The fraction of people who ask about installing MATLAB for offline use is much smaller than the fraction that install for online use.
For that matter, the fraction of people who ask about installing MATLAB for offline use is notably lower than the fraction that are asking to install without a graphics interface (such as wanting to do a scripted installation for corporate machines.)
Meanwhile, when the online documentation changes, such as better search engine, or a correction or update to a page, the online version reflects the change the very next time the user looks at that documentation.
I for one use MATLAB a lot, and a lot of the time I am googling the documentation anyhow (google has better inclusion / exclusion control.)
In over 30 years of using MATLAB, the number of times I have needed to install it on an offline system has been precisely zero.
(I used to have it installed on a laptop that did not have internet access while I was in flight for a couple of hours, but that was an insignificant portion of the time, and I had full internet access before leaving so I could have easily downloaded the documentation before-hand.)
  8 Comments
Paul
Paul on 30 Apr 2023
Sometimes I run across some code, often on this forum, that uses a toolbox that I don't have (or have but don't use) and, if my interest is piqued, I'll poke around in the documentation for that toolbox. Maybe I'll learn something and realize I should be using that toolbox. I wonder if anyone has decided to purchase a toolbox license after reading its documentation.
dpb
dpb on 30 Apr 2023
@Paul, that would seem a time/place for the online (although if TMW has followed through with the threat of not letting one have access to even the doc if not a license, that could be an issue), rather than the local copy (unless, of course, you're on the air-gapped machine). Even I can get to the online doc when desire to; it's generally not too bad of an access time.
My main complaint still is the lack of being able to restart failed downloads when it takes multiple hours; I don't have the issue of havng to download and then burn media to sneaker-net it to another machine; just one that isn't always connected and that it is painful at times when is to use.

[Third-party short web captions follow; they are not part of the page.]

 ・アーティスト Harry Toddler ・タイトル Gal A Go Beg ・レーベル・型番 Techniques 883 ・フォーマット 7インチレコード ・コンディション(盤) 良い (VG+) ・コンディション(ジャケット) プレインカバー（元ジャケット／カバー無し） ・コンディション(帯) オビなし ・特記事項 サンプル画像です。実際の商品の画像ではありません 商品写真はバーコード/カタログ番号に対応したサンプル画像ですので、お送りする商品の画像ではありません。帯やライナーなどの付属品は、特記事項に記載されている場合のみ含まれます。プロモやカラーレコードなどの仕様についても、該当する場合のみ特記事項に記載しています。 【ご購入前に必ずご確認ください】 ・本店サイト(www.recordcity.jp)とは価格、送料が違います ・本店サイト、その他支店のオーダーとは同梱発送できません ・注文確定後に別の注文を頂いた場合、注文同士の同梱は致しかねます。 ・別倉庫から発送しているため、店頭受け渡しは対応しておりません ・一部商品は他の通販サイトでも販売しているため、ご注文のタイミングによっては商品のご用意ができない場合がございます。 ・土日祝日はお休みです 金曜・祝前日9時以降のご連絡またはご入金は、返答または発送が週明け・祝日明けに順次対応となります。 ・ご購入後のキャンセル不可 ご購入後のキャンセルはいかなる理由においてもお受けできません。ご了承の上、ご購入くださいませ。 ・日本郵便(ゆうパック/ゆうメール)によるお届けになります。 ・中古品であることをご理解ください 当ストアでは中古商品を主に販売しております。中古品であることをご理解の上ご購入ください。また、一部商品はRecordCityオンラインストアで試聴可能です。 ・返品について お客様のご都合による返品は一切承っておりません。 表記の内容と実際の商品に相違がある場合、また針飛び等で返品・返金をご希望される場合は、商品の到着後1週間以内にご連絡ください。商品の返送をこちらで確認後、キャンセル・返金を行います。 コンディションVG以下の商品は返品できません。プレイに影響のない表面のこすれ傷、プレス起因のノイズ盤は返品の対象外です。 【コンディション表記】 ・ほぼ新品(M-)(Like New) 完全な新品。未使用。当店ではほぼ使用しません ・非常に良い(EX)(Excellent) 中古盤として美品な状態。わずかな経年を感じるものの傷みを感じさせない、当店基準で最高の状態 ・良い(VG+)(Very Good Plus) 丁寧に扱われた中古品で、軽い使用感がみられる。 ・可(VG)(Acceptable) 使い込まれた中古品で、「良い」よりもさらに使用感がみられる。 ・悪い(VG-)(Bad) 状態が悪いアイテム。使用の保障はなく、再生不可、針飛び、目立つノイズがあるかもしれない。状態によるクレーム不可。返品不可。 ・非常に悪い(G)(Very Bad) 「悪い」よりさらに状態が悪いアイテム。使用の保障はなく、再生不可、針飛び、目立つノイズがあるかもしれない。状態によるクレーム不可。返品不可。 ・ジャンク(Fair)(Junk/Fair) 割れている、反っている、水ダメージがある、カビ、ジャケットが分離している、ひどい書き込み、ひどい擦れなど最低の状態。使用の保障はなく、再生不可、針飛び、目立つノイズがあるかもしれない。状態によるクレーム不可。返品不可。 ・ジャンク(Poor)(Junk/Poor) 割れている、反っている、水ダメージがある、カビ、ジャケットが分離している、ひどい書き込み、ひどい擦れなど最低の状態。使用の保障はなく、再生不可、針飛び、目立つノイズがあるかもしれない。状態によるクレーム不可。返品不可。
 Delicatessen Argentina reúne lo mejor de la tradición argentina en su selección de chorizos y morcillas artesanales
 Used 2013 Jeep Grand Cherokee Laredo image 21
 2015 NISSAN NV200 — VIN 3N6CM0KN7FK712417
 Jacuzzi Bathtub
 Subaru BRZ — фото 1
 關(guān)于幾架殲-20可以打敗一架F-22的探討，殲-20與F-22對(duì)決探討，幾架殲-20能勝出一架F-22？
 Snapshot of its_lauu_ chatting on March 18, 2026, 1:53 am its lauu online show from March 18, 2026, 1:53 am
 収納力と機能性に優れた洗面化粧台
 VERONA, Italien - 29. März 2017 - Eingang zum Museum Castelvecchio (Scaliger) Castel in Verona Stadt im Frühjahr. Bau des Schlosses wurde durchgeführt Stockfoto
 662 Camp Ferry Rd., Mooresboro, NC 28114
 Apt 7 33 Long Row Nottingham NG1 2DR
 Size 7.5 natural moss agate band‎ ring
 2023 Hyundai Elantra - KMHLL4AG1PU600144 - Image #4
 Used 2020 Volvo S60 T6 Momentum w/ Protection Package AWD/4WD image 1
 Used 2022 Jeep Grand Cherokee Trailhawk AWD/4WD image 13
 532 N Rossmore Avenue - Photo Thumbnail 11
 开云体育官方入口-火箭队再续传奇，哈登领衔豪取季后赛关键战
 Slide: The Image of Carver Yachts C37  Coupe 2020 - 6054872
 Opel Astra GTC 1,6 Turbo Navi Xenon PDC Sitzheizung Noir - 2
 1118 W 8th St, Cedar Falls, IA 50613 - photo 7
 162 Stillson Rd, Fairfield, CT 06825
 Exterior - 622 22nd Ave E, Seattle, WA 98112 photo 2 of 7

The pro bono work I've been doing for the local community college foundation has had need just recently to use an online accounting system as an intermediate step in the process of switching from the spreadsheets to a commerical nonprofit accounting system that is cloud based. It has been a real nightmare to try to do things with it owing to the connection bandwidth and reliability. It wouldn't be usable as a production system in my situation; the ladies in the office do have much better connections so it is at least tolerable for them. But, if MATLAB were that way and only that way, I'd have to find something else; it would just be too painful. Fortunately, having retired from the consulting gig, my livelihood is no longer tied in with having MATLAB so it would just be painful, but not livelihood threatening.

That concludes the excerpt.